Whether we are aware or not, we are all participating in a giant foresight exercise.
The present situation is an endless source of insights and a living laboratory: we can explore possible rural futures in relation to digitalization observing, practicing, and reflecting on what happens around us.
For the optimists, a vision of connected rural areas, wherein digital connectivity allows to overcome distance and consequently to reduce the rural-urban gap, is being shaped inspired by several examples. Let’s consider work organization: sectors with a high concentration of information workers have been reorganized almost immediately. In Universities, online lectures have started everywhere, and on average the response has been satisfactory. Public administrations have updated and adjusted their procedures with a speed never seen before. Teleworkers, the evidence says, are more productive than commuters – the former can organize their time flexibly and be more focused on objectives. For rural commuters, teleworking implies a sensible reduction in travel costs and more time for life. Teleworking also generates an environmental benefit as less commuting implies fewer carbon emissions. When the lockdown is over, rural villages with a high density of teleworkers may see their demand for local goods and services boosted and community life revitalized. Local administrations can invest in infrastructures and services that may attract rural teleworkers.

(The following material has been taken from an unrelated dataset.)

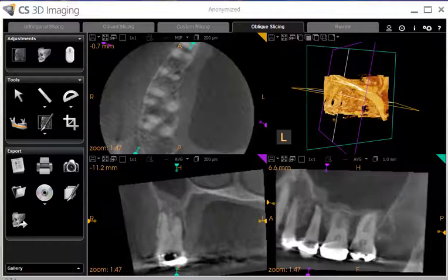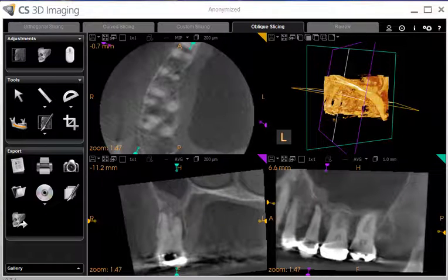I'm going to illustrate how I use Cone Beam CT and the three-dimensional images generated with that technology as an aid in diagnosing a fracture or cracked tooth.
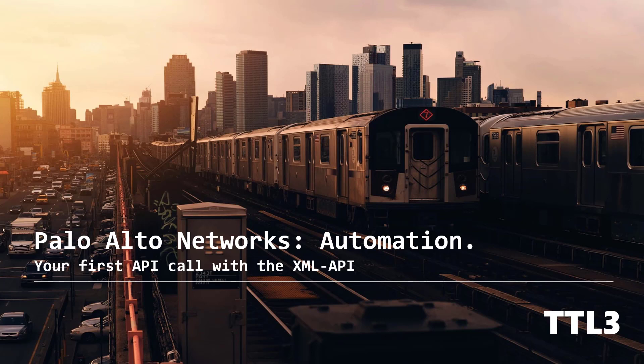There is also the possibility to do API requests to perform configuration changes, but this will be a topic for another video. I hope you enjoyed this one, and please share and subscribe if you liked it.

The pessimists will more look at the poor quality of Internet connection, social inequalities (e.g. different digital literacy will enlarge the gulf between individuals and groups) or gender inequalities (e.g. the lockdown has affected men and women in a different way). They will consider the displacement effect of e-commerce on small businesses or the increasing disparity between small and large farms when robotization will replace commuting workers. The pessimists will also foresee that online communication will create even greater social distance and loss of community life. They may also say that teleworking will be an opportunity to increase workers’ surveillance, while others may stress the risk of cyberattacks.
The contribution of both pessimists and optimists, enthusiasts and skeptics will be crucial to shaping rural futures. Digital technologies can be regulated, and their development can be oriented towards different goals. An improved capacity of rural communities to understand and foresee the impact of digitalization will contribute in a substantial way to a fair and sustainable rural development.